New Redesigned Interface to Manage Memory
I.Categorized Memory Interface
Challenge: The current linear design increases cognitive load and slows navigation.
Innovation: Introduce a filter to sort the chats in the memory management interface being added. The sorting dropdown offers six strategic filtering options to meet diverse user needs:
●'High to Low' and 'Low to High' memory usage sorting helps users quickly identify memory-intensive chats for storage management.
● 'Old to New' and 'New to Old' temporal sorting assists in finding chats based on chronological relevance.
● 'Irrelevant' filter surfaces potentially disposable chats that haven't been accessed recently.
● 'With Images' filter specifically identifies image-heavy chats that typically consume more storage

Categorized Memory Interface to manage memory/Images and Sort
II. Image deletion
Challenge: Giving the user access to all the images uploaded to the application for direct deletion.

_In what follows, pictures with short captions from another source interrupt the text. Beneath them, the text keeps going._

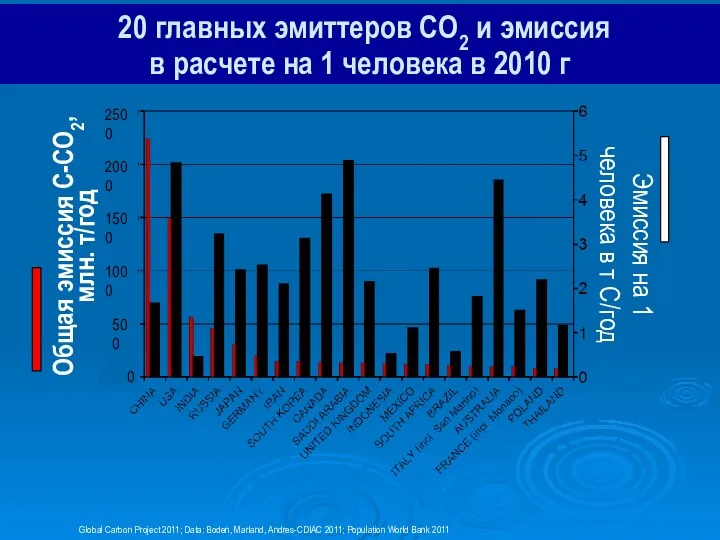 20 главных эмиттеров CO2 и эмиссия в расчете на 1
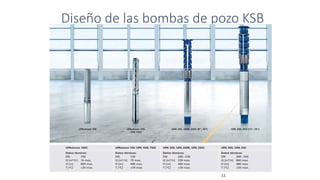 Diseño de las bombas de pozo KSB
11
 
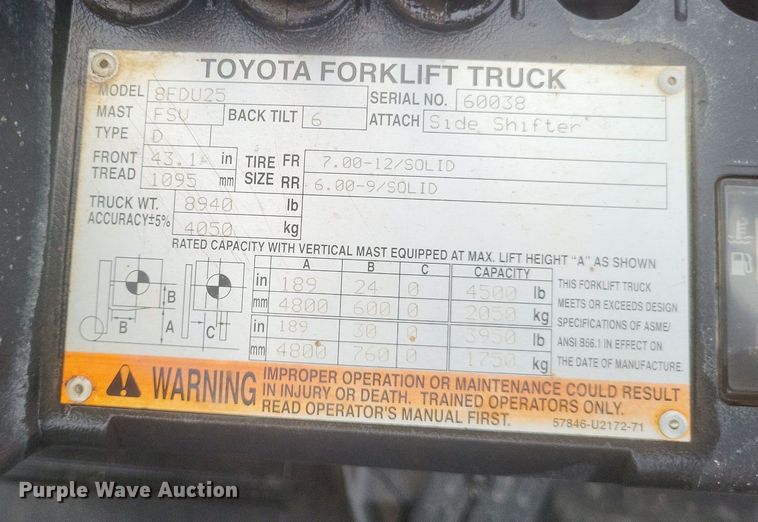 image for item EJ7983 Toyota  8FDU25 forklift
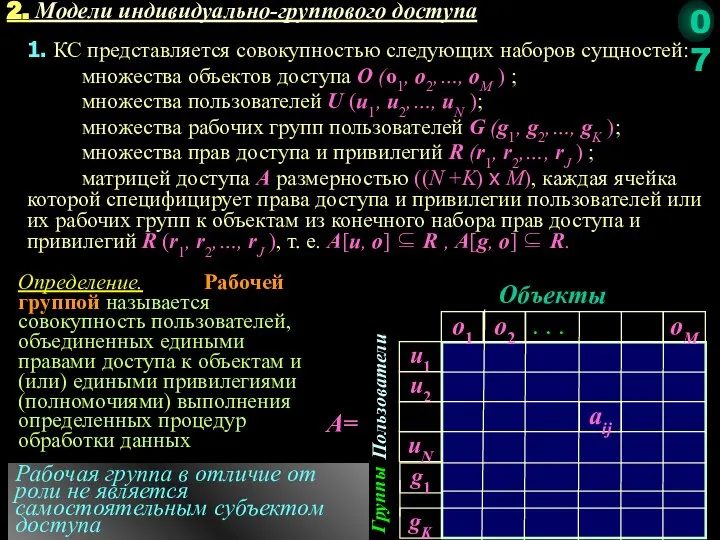 2. Модели индивидуально-группового доступа 1. КС представляется совокупностью следующих наборов сущностей: множества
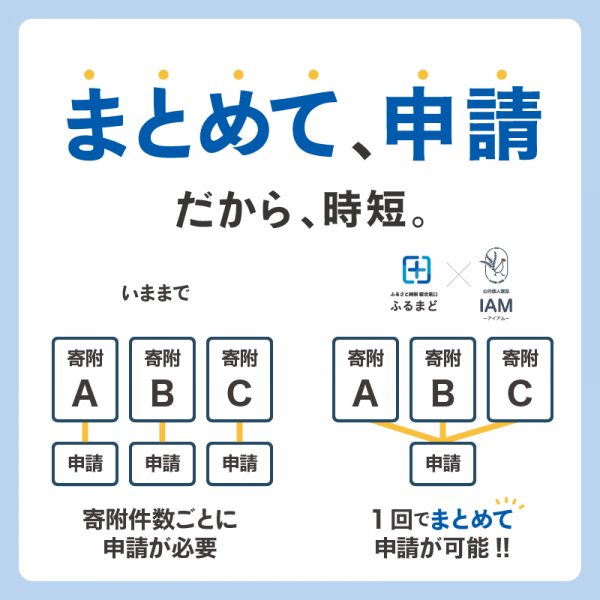 ワンストップ特例制度オンライン申請サービス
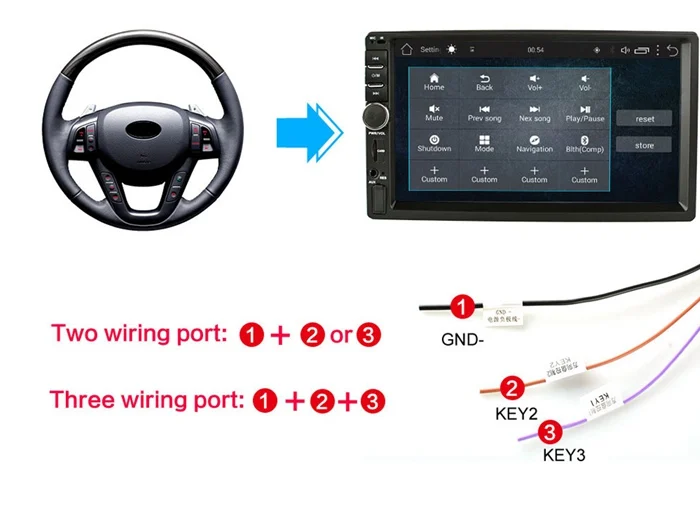 2G ram 2Din Android радио 2 din Авторадио мультимедийный плеер Авто аудио стерео для Volkswagen Nissan hyundai Kia toyata lada Ford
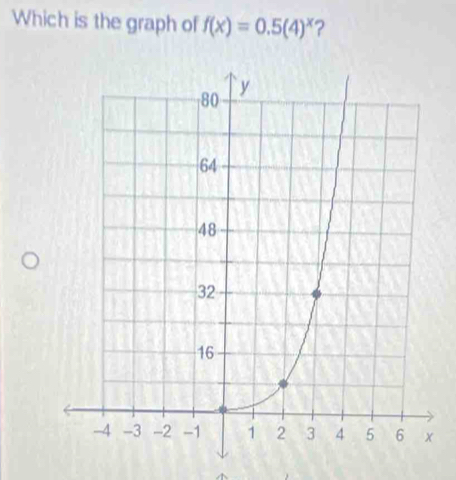 Which is the graph of f(x)=0.5(4)^x 2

Innovation: Add a button in the memory management interface to access all uploaded images for easy deletion. The image gallery displays images in a grid layout with selection options for individual deletion or a "Clear all images" button for bulk deletion. A filter drop-down, similar to the chat view, allows users to sort images by memory usage, date, or relevance. This dual deletion approach—individual or bulk—and intelligent sorting enhances efficiency and gives users precise control over storage management.

Memory Management Interface with Image Gallery View and Sorting Controls
Conclusion
This study highlights critical usability challenges in ChatGPT’s memory management, including high cognitive load, suboptimal decision-making support, and inefficient visual search. Observations and HSE principles guided actionable recommendations such as transforming the “Memory Full” label and enhancing the sidebar design. These innovations aim to reduce cognitive effort, improve task efficiency, and create a user-friendly experience. Applying HSE principles ensures that user-centric designs optimize both functionality and satisfaction, demonstrating the value of research-driven design improvements.